“Along with the bones, archaeologists discovered numerous bronze ornaments - a clasp, bracelets, a bead necklace, as well as a bone pin and a wooden stool. A fragment of bovine leather and woollen clothing was also preserved. It is a big rarity among archaeological finds in Poland,” Science in Poland reports.
The burial was accidently discovered at the end of the 19th century, but a group of researchers from the University of Szczecin and the University of Warsaw have re-examined the female’s bones and artifacts.
Using radioactive carbon (C14, the science team could determine the woman died about 2,000 year ago. Studies also reveal the diet of the deceased did not include sea fish.

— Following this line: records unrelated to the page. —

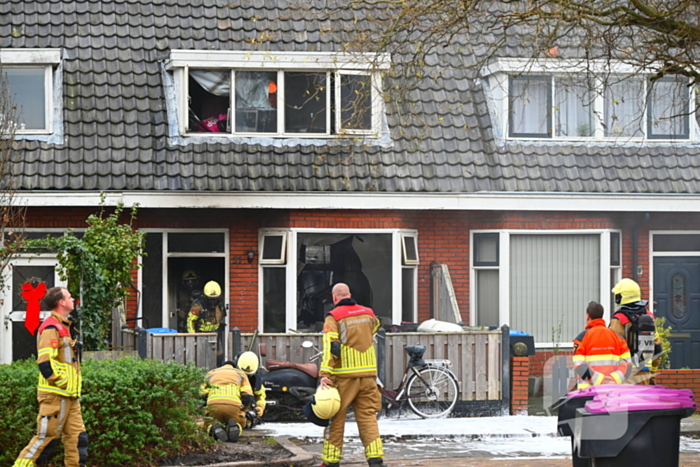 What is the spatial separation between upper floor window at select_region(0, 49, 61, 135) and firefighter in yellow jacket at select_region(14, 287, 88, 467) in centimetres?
811

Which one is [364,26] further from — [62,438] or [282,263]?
[62,438]

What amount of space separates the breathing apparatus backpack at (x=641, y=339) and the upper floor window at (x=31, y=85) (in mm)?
10154

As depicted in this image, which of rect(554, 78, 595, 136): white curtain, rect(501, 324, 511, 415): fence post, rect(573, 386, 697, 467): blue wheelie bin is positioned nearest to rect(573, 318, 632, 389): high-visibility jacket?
rect(573, 386, 697, 467): blue wheelie bin

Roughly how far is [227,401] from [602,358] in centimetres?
418

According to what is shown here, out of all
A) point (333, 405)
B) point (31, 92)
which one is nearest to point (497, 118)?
point (31, 92)

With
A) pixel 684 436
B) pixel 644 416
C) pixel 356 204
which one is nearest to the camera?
pixel 644 416

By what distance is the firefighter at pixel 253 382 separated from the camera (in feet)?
42.0

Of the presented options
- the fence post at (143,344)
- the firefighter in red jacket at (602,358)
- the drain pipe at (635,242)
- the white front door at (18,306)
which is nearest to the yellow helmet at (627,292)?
the firefighter in red jacket at (602,358)

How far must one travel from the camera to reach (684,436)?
13.7m

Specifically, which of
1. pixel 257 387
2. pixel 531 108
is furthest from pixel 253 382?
pixel 531 108

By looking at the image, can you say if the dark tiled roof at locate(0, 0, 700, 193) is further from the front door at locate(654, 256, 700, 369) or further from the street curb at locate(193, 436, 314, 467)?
the street curb at locate(193, 436, 314, 467)

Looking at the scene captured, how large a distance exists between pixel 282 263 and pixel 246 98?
9.21 ft

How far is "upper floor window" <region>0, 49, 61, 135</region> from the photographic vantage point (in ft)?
56.3

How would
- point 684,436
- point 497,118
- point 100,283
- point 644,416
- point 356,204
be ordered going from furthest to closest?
point 497,118 < point 356,204 < point 100,283 < point 684,436 < point 644,416
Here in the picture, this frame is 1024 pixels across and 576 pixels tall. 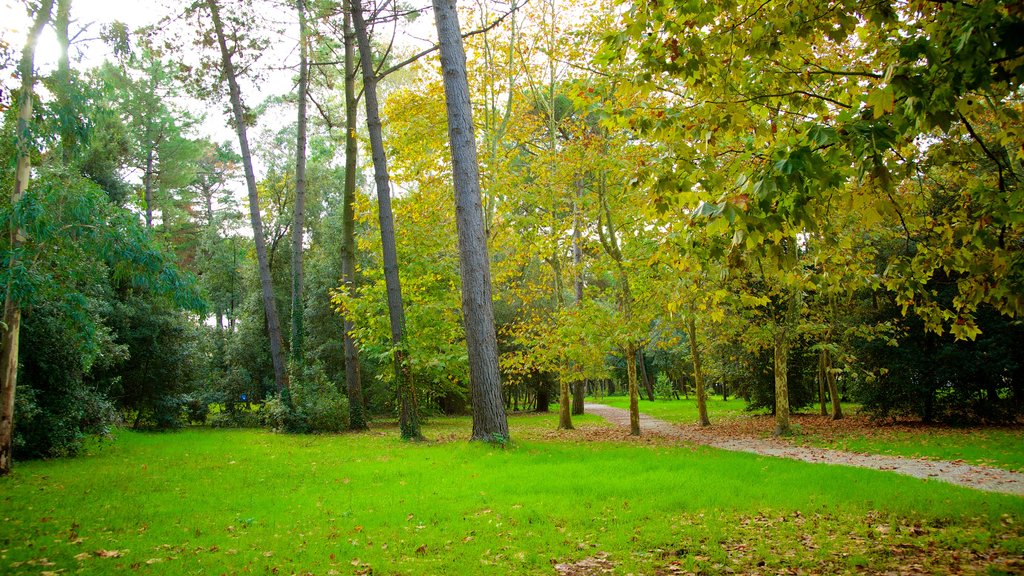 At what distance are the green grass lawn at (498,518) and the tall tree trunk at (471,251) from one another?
136 cm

"We didn’t find any traces of Baltic fish in her diet, but she had consumed many animal products, as evidenced by the type of proteins preserved in her teeth. She could have also eaten fish from lakes and inland rivers" - says Dr. Rafał Fetner.
Scientists are surprised the woman who lived on the coast did not eat sea fish.
Drawing of the burial of a woman from Bagicz, credit: O. Dibbelt, Der Baumsarg von Bodenhagen, Heimt-Kalender der Stadtkreises Kolberg und des Landkreises Kolberg-Körlin, R. 12, 1936, pp. 43-44.
“Detailed analysis of the skeleton showed that the deceased had significant pathological changes within the joints, which the researchers associate with osteoarthritis in the lower spine - an excessive wear of cartilage,” Science In Poland reports.
"Interestingly, this condition usually affects the elderly, while the deceased from Bagicz was 20-35 years old at the time of death," researchers say. It’s unknown why the woman fell off a cliff 2,000 years ago. Was it an accident? Did she commit suicide or was she pushed by someone?
In the vicinity of the place where the prince burial was found were other graves that contained burned human bones? It’s unknown why these skeletons were burned and if the graves were somehow connected to the woman who lived 2,000 year ago?
Archaeologists will now continue to examine the ancient woman’s remains along with her artifacts. They also hope the in the coming years the cliff erosion will reveal further graves.